La difficoltà più grande è la chiara avversità di alcuni Stati che sono restii ad accettare competenza e giurisdizione di un simile organismo e, soprattutto, il suo potere di perseguire individui all’interno del loro territorio. Questa forte diffidenza politica si basa anche sull’idea che la Corte abbia svolto un numero esiguo di indagini ed emanato ancora meno sentenze di condanna, utilizzando però considerevoli quantità di risorse.
All’insieme di inefficienza e di un rapporto costi-condanne molto elevato, si deve aggiungere anche il focus – da alcuni considerato eccessivo – nei confronti degli Stati dell’Africa che ha portato nel 2016 il Burundi ad abbandonare lo Statuto di Roma. Anche le Filippine del presidente Duterte hanno seguito lo stesso sentiero lasciando la Corte, a seguito dell’apertura di indagini nei confronti del capo di Stato.

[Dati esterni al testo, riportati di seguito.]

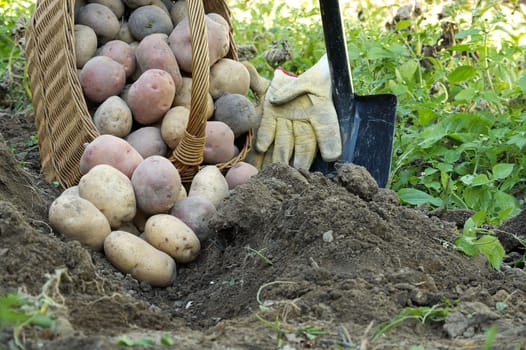 Freshly dug multi-colored potatoes spill out of a wicker basket next to a spade in loosen soil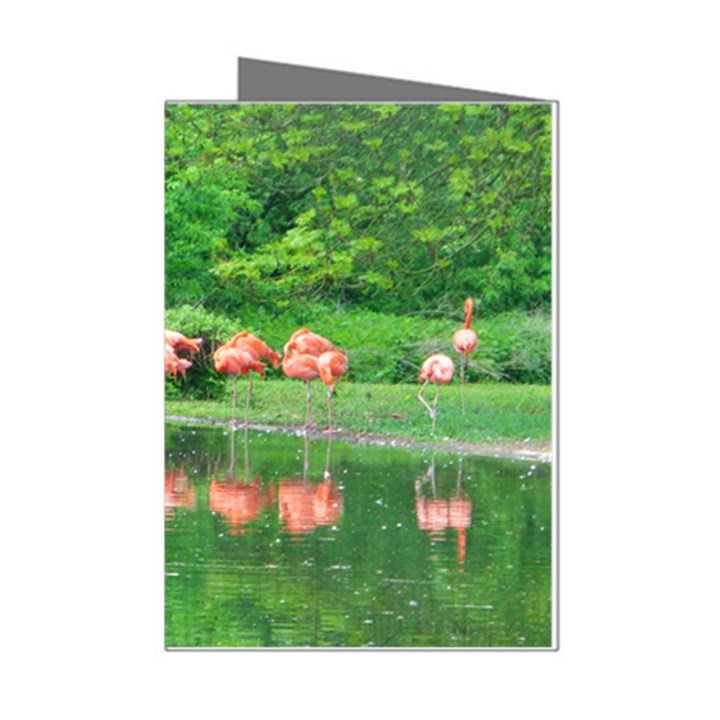 Flamingo Birds at lake Mini Greeting Card (8 Pack)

Nonostante questi elementi di criticità, la Cpi continua a svolgere un’attività assolutamente essenziale ed è ormai chiaro che ha avuto un ruolo nella lotta ai crimini internazionali. È proprio il fatto che alcuni Stati non vogliano saperne di una Corte con tali poteri in ambito penale, storicamente roccaforte della sovranità statale, che dimostra la sua centralità e la sua importanza, non solo nella tutela degli individui dalle più gravi violazioni dei diritti umani, ma anche e soprattutto nella sua funzione di incentivo agli Stati stessi affinché esercitino le loro prerogative.
Per concludere, si ricordano le parole di Kofi Annan, ex Segretario generale delle Nazioni Unite, che definì la battaglia della Corte come «causa di tutta l’umanità» in quanto stella polare della lotta globale all’impunità di coloro che commettono i crimini internazionali e che spesso riescono a sfuggire alla giustizia.